Students addressed by Latvian Radio at the University of Latvia's Faculty of Law said they preferred studying onsite and would not like to return to their sofas at home.
“I personally like to learn in person. If I didn't like to study in person, I'd go fully remotely."
“I like it better in person, too. Much better. Contact with teachers, you can understand more. Remotely... well, it's not that.”
However, the rector of the university Indriķis Muižnieks said that the cost of thermal energy will rise by 80% in the best case, by 290% at the worst. The university's address list has 58 locations and even more buildings. Active studies take place in 12 buildings, but some of these historic buildings are not energy efficient.
“If the worst case occurs, then by mid-December we have to do what is [scheduled] for the first semester of autumn. And we can start again [onsite] in March. We have two-thirds of paying students, their outlook is particularly harsh. Now there are essential expenses that lie on their family or their own shoulders,” Muižnieks said.
Juris Iļjins, director of the administrative department of Riga Technical University (RTU), said “We will probably move to a four-day onsite work, and Fridays will have to be spent in remote mode.

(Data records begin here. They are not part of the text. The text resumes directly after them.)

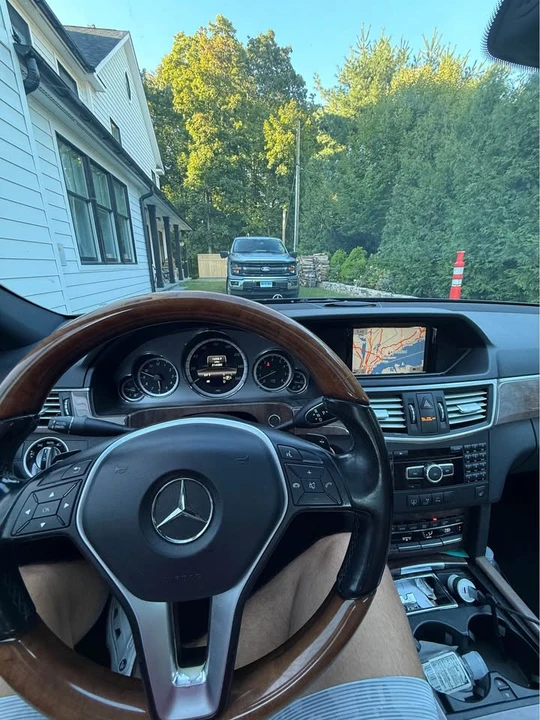 2013 Mercedes-Benz W212 E-Class - Image 9 of 10
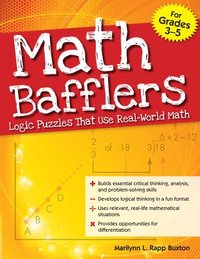 bokomslag Math Bafflers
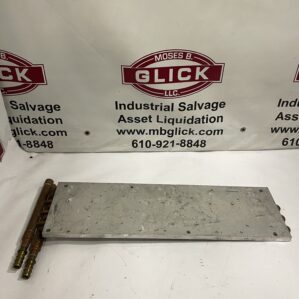 Aluminum Copper Water Cooling/Cooler HeatSink/Exchanger 24" x 7" x 5/8"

And the second thing: in the worst winter months – December, January, February – the university is likely to have to close at least for the study process,” Iļjins said.
The RTU and LU leaders concluded that energy-saving measures could only have a slight impact on the harsh forecast of the coming winter.
Meanwhile, Liepāja University Development Director Uldis Zupa pointed to plans to reduce heat levels indoors within the limits allowed by legislation to +18 C. While saving lighting, all possible processes are planned in the buildings: not only studies, but, for example, the cleaning of rooms.
Unlike private universities, state-run universities do not have financial support for increased energy costs. In order to deal with the energy price crisis, the Latvian Association of Universities has addressed the responsible ministries, but assistance has not yet been promised.